Il primo ministro israeliano, Benjamin Netanyahu, dopo il durissimo scontro con i generali dell’esercito che hanno deciso di istituire una «pausa umanitaria» di 11 ore al giorno nel sud della Striscia di Gaza per facilitare la consegna di aiuti di prima necessità alle migliaia di profughi palestinesi dispersi senza sostegni nella Striscia, ha sciolto il gabinetto di guerra. Il gruppo ristretto era stato creato l’11 ottobre per gestire le campagne contro Hamas ed Hezbollah.

Il presidente del Partito di unità nazionale Benny Gantz, uno dei tre membri del gabinetto, in risalita rispetto al premier negli ultimi sondaggi, ha abbandonato la coalizione la scorsa settimana tra le polemiche, portando con sé Gadi Eisenkot, uno dei tre osservatori.

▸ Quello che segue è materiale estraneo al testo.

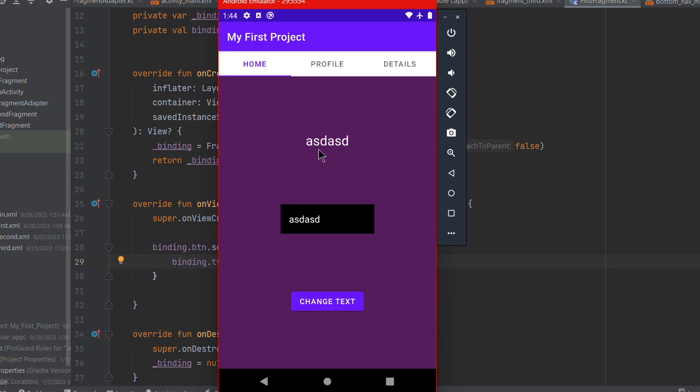If you want to share state between fragments — whether using the bottom navigation bar from the previous video or swipeable fragments — it's recommended to use a shared ViewModel among all fragments, as it's more concise, easier, and saves a lot of work compared to internal fragment APIs. That was it for this video, thanks for watching and I hope to see you in the next one.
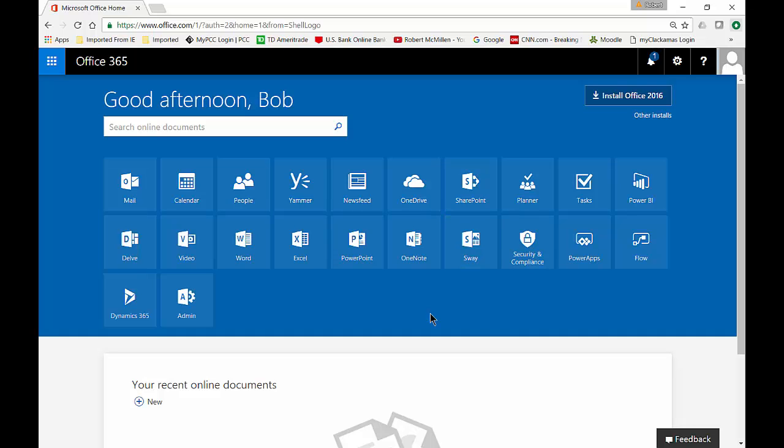We're in Office 365 and I'm going to show you how to create a resource mailbox for equipment. Equipment might be a TV or some other device where you can check it out if you have a limited amount of them in an office.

La formazione di un gabinetto di guerra ristretto era stata la richiesta fondamentale proprio da parte dell’ex generale Gantz per unirsi al governo di Netanyahu, così da poter discutere e partecipare alle scelte strategiche del conflitto e del dopo guerra. Dopo la sua polemica uscita, accompagnata dalle richieste di elezioni anticipate, restavano solo Netanyahu, il ministro della Difesa Yoav Gallant, il ministro per gli Affari strategici Ron Dermer.

Coprirsi a destra

Una prima interpretazione della decisione è che, senza Gantz – e senza Eisenkot, che si è dimesso – al suo interno, non aveva più senso mantenere in vita il gabinetto di guerra.

Così, non avendo più principale ragion d’essere, è stato smantellato, ha spiegato un funzionario dell’ufficio del premier. Una seconda interpretazione ritiene la decisione come una mossa per bloccare le pressioni del ministro per la Sicurezza nazionale e leader di estrema destra Itamar Ben-Gvir e di quello delle Finanze, Bezalel Smotrich, di entrare a farne parte per avere un ruolo maggiore nelle decisioni belliche.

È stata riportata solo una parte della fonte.